I think I’ve already written about my amazement over how relatively fluid the “solid ground” actually is. I know that farmers who need to pick rocks out of their tilled fields year after year are well aware of this ‘fluidity.’

DSCN4325eYesterday, a day that was about as plain as an uneventful winter day can be, I was trudging up one of my shortcut paths through the trees between our barn and the house when I suddenly became aware of all the debris collecting on the snow covering the ground.

It is a blaring announcement about how much activity is actually occurring in the seemingly static days that have followed last week’s snow storm. I’m guessing that squirrels are responsible for much of the shrapnel that has fallen from the trees, but I expect there are plenty of other less visible actors in the constant change taking place.
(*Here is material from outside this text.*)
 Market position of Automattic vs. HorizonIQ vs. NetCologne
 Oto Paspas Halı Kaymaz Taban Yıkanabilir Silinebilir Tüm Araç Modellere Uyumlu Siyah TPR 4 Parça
I need only look to the manure pile to witness evidence of the microscopic players at work in a feat of perpetual transition. Even though growing things all appear to be in a winter state of dead or dormant, the manure pile continues to cook at 140° F. There is an amazing amount of activity going on in the center of that pile.
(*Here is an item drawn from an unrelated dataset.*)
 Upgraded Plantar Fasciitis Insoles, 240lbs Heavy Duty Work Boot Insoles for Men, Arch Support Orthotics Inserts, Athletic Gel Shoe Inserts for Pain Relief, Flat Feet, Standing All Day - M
I used to think there were two states of a mouse trap: tripped, or not. Now I know there is a third one. It is called, gone. I have lost too many mouse traps to count. Before we went out of town last Thursday, I added new peanut butter bait to the two traps in the garage. It had been too many days in a row without any evidence of activity, and I knew better. The mice had definitely lost interest in the traps.
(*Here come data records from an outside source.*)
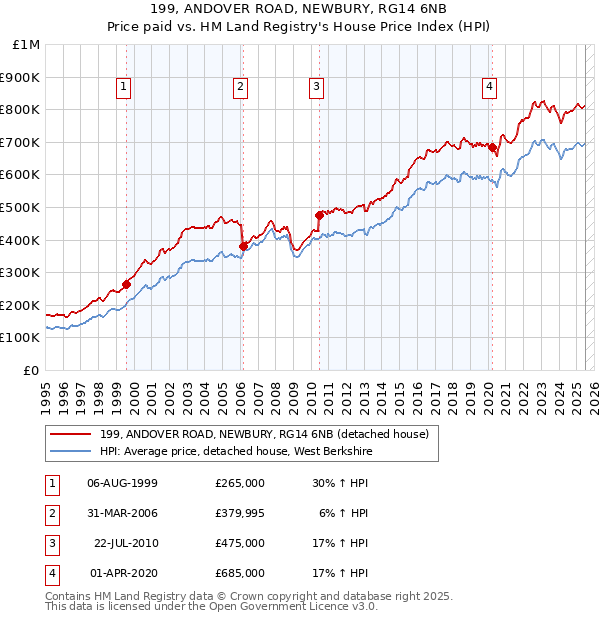 199, ANDOVER ROAD, NEWBURY, RG14 6NB: Price paid vs HM Land Registry's House Price Index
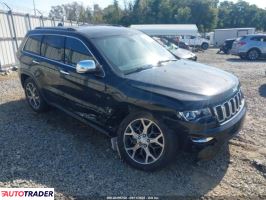 Jeep Grand Cherokee - zobacz ofertę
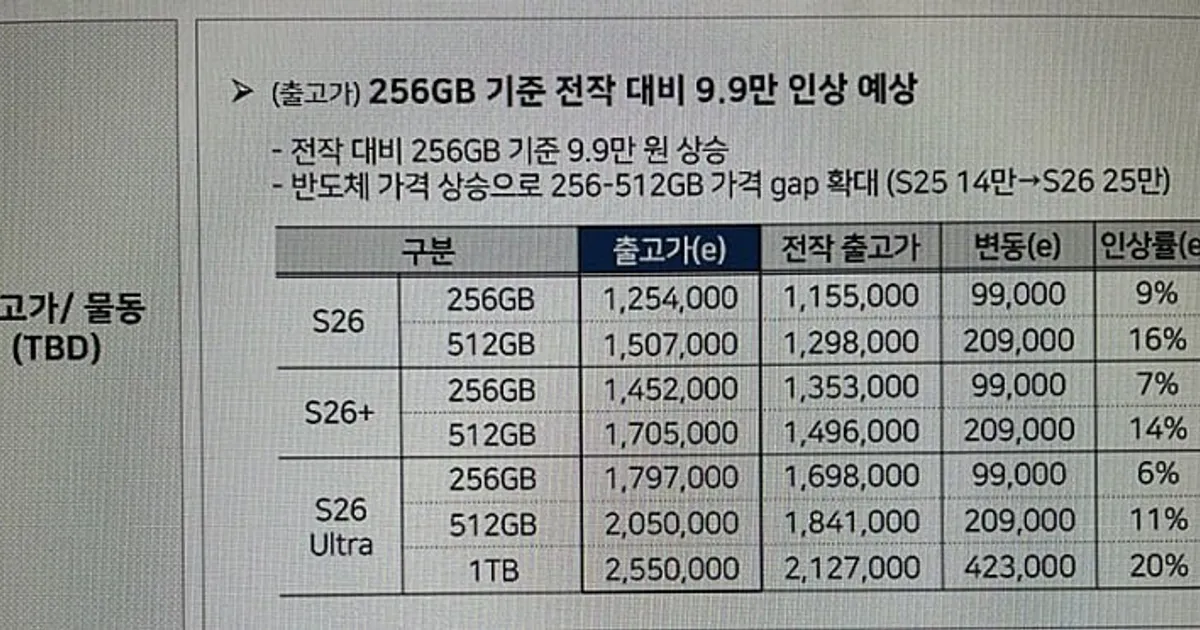 갤럭시 S26 출고가 확정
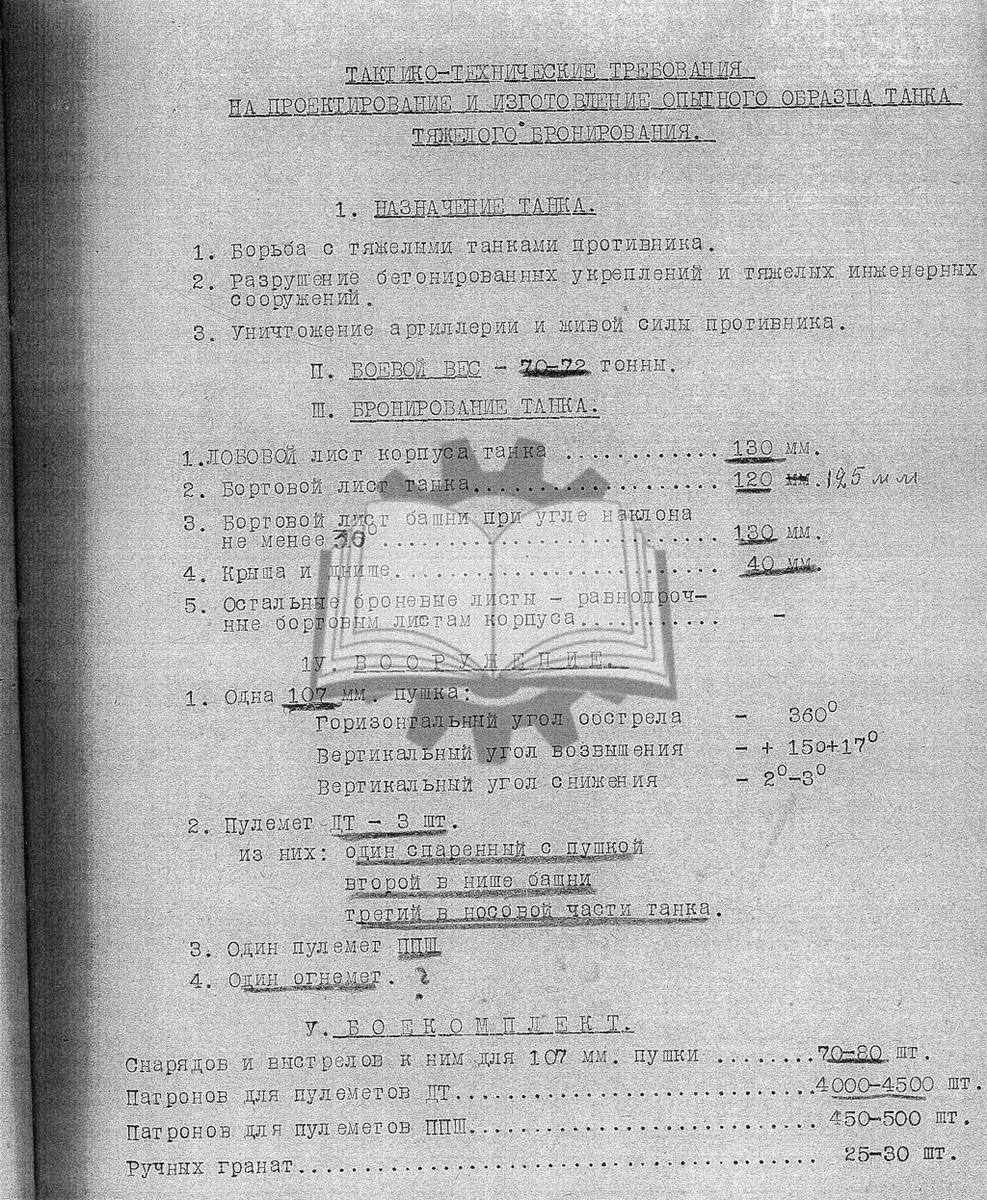 Исходные ТТТ на КВ-4.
The tally upon our return was, one trap with a mouse in it, and one trap gone. I don’t know if a mouse got caught in the trap and something else hauled it off somewhere, or the trap snapped on a mouse that could still run away, dragging the trap with it.

My response to all this is that I am not going to devise any single solution to situations that arise. I will endeavor to change the way I deal with things just as often as the challenges morph in new and different ways.

It’s not any spectacular new innovation. I’d say it’s pretty much how things have been throughout time. I’m just coming to a realization that I can choose to frame my perspective differently.

You could say I am planning to observe and respond to situations with more fluidity.